I’m certainly not against relationships, infact it fills me with complete joy when i see my friends and family in love and with someone by their side to enjoy life with..
I honestly cannot wait to feel that way about someone and to share my life with someone in a romantic way.
But right now, my friends and my family are my partners in crime and my heart surprises me every day with the content I feel… without a guy.
At the beginning of last year I fell good and proper for someone. I felt the love drug stronger than I ever anticipated it to feel and the whole thing came crashing down. I face planted the floor, hard.
Whether it was love or not, I felt intense emotion and even as the strong woman I deemed myself to be, I crumbled.
Truth is, when it comes to love, there’s no such thing as being strong or ‘in control’. You are heading out on a rollercoaster and until you are forced to get out of the seat it’s pretty hard to press the escape button.
I would be lying if I said I was over ‘it’ now, even 18 months later and even though wasn’t even a relationship at all.
I experienced heart break. I experienced someone breaking up with me and loss, all for the very first time.
We all deal with heartbreak in different ways. Some throw themselves straight into a new relationship, some into food, some into substances, some into work and some into travel.
My heartbreak encouraged me to push my career forward and concentrate on strengthening my personal foundations (in hope that next time the damage wouldn’t be so). I know that I certainly wouldn’t have achieved the extent of what I have in the last 18 months if it wasn’t for being single.
Please don’t listen so deeply to society and feel like you aren’t complete without a boyfriend or that you aren’t enough because you don’t have one.
People ask me on the daily when I will settle down and have a relationship. Of course sometimes I do think, fuck am I that difficult a person to be in a relationship with? I’ve been single for a bloody long time after all. Over 18 months now.
Well actually yes I am, yes I am difficult. But not impossible by any means. I’m simply not out there looking for or needing a relationship and that way I don’t put up with something that doesnt feel right or that restricts me and my goals.
That doesn’t mean I’m not open to a relationship though.
It also probably doesn’t help my case that i travel the world full time and don’t ever really have my feet in a country for longer than a few weeks.
But you can’t have it all at once right?

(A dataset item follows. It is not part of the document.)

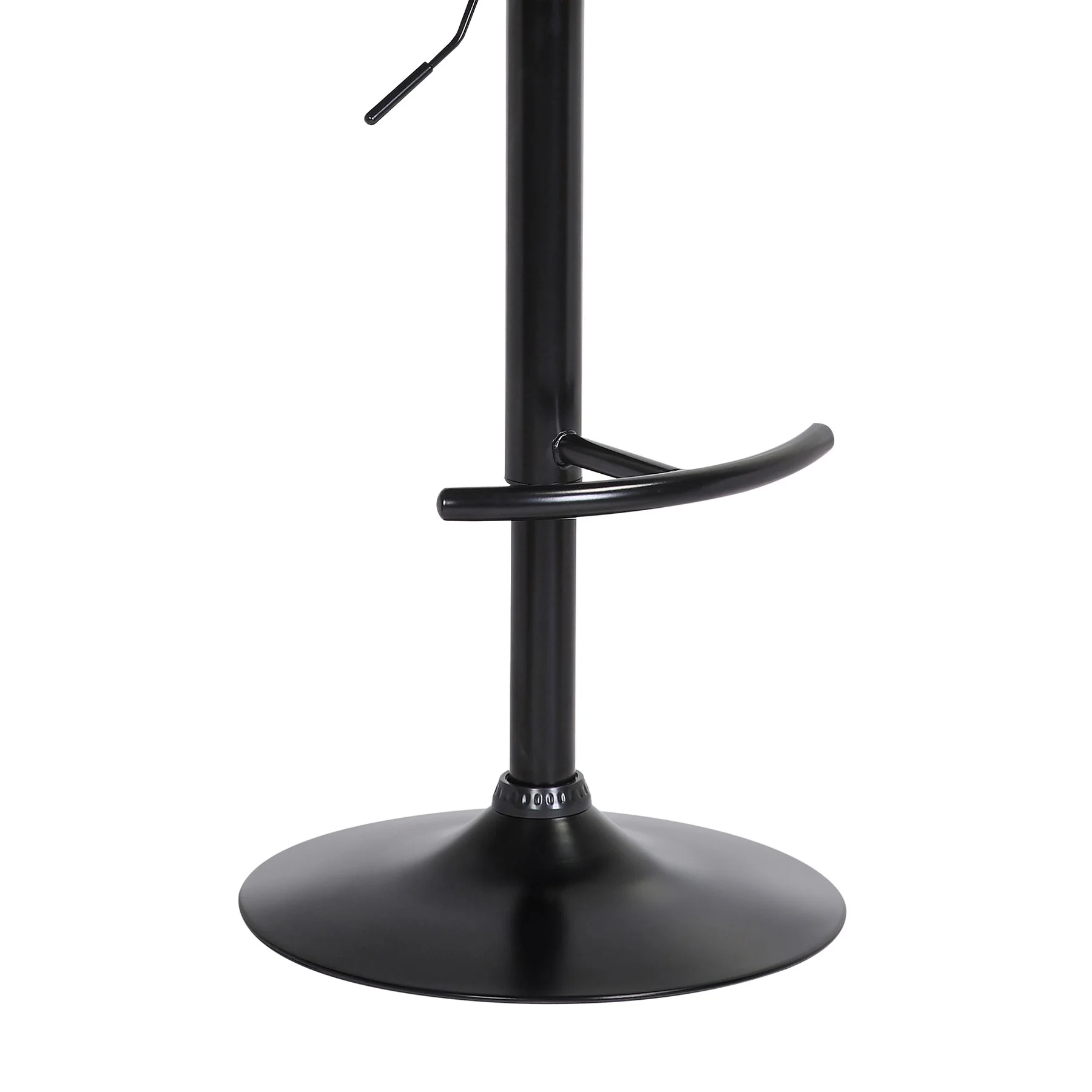 Calista Adjustable Bar Stool in Gray Faux Leather with Black Metal - Image 8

The positives of travel definitely outweight the negatives for me and a relationship will be prioritised when it feels right.
Read my ‘downsides to a life filled with travel’ here.
I’m totally open to a relationship but I guess until I find something that I don’t have to question, I couldn’t be happier to be single and it feels so good.
It didn’t always feel good, but spend time with it and yourself and I can assure you it will.
During my last 18 months in single town, one thing I took the opportunity to do was solo travel for 5 months and the personal journey I went on was ridiculous.
I wouldn’t be me today if I hadnt have experienced that and I’m so proud of me today and who I am. Another reason I don’t regret a single second of being single.
I have also realised the true value of friendship through being single as I have had all my spare time to invest in friends. I have gained some life long soulmates in the process and I know that whilst a boy will always add a dimension that friends cannot, I truly feel so complete with my friends and family.
I know that the foundation I have spent time developing whilst being single and not having a ‘safety blanket’ present to fall on, is exactly what gives me the confidence to seek what I truly want. Something or someone that will only add goodness to my life.
Being single is the ultimate life skill to learn.
If you don’t spend time with yourself, how will you find out what REALLY makes you happy?
And if you don’t learn all about what makes you happy, how will you know you’re pursuing it?
Having confidence in being alone means you’ll never be scared to walk away from a relationship at the fear of loneliness, because being a pro-singleton you know full well you’ll be okay. And having confidence to walk away from whats not right for you will make the room for the right one.